The symbol of Ajna is a lotus with two petals, and the color nowadays is indicated as indigo blue. More traditional interpretation would be a white lotus. Here the bija mantra is the familiar OM or AUM. Contemporary music for Ajna would include electronic trance music.
To work with Ajna chakra, you could use the Mantra Meditation I wrote about earlier. Asanas to work on this level of consciousness include very balancing Garudasana, Vajrasana, Siddhasana (very good!) and Halasana, the Plough Pose. Another technique to use here is the Shambhavi Mudra.
Sahasrara – Thousand Petalled Lotus
Finally we have arrived at the top of our chakra ladder, to Sahasrara, which is located at the top of our head. The exact location is indicated by the fontanel in the scull, but like all the other chakras, it’s just outside the physical body.
The pineal gland in the middle of our brain is connected to Sahasrara. Pineal gland secretes hormones like DMT and melatonin to our body, so it could be understandable that different states of consciousness could be achieved through Sahasrara activation.
Sahasrara is said to be an independent energy center, not technically a chakra in a same way like the other six. But more often than not, it’s counted as one of the seven.
The Sahasrara qualities are pure consciousness, perfection and refinement, bliss, liberation. Keeping your focus on Sahasrara can help you to connect with the Universal Consciousness,
Sahasrara has 972 petals, and the color could be indicated as violet. The best asanas for working with Sahasrara are Prasarita Padottanasana (connecting Muladhara and Sahasrara) and Sirsasana, the head stand. Music for Sahasrara would include pieces by organ and a divine instrument named Rudra Vina.

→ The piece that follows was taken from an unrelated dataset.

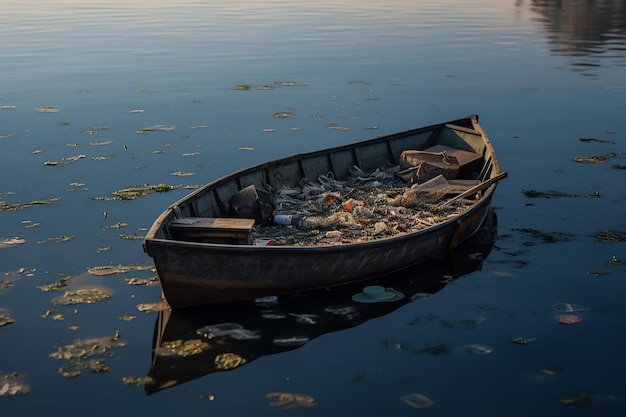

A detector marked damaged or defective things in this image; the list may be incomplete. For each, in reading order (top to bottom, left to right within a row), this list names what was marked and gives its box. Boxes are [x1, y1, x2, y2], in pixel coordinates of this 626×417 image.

I did not quite know where this article would go once set on a journey… There’s so much information available, and through my own experiments and experiences in yoga and healing, along with a sceptical mind, this was not an easy endeavour. This, of course is a super-condenced version of all the details, and the information I have collected here is from many different sources.
A Sanskrit scholar Christopher Wallis gives a profound, modern definition of chakras in his blog post:
In the Tantric traditions, chakras (Skt. cakra) are focal points for meditation within the human body, visualized as structures of energy resembling discs or flowers at those points where a number of nāḍīs or meridians converge. They are conceptual structures yet are phenomenologically based, since they tend to be located where human beings experience emotional and/or spiritual energy, and since the form in which they are visualized reflects visionary experiences had by meditators.
While all the definitions given here may not be fully in accord to all the traditional sources, it nevertheless will give you valuable information and tools on how to help your body find its optimal balance and get in tune with the universal energies all around us.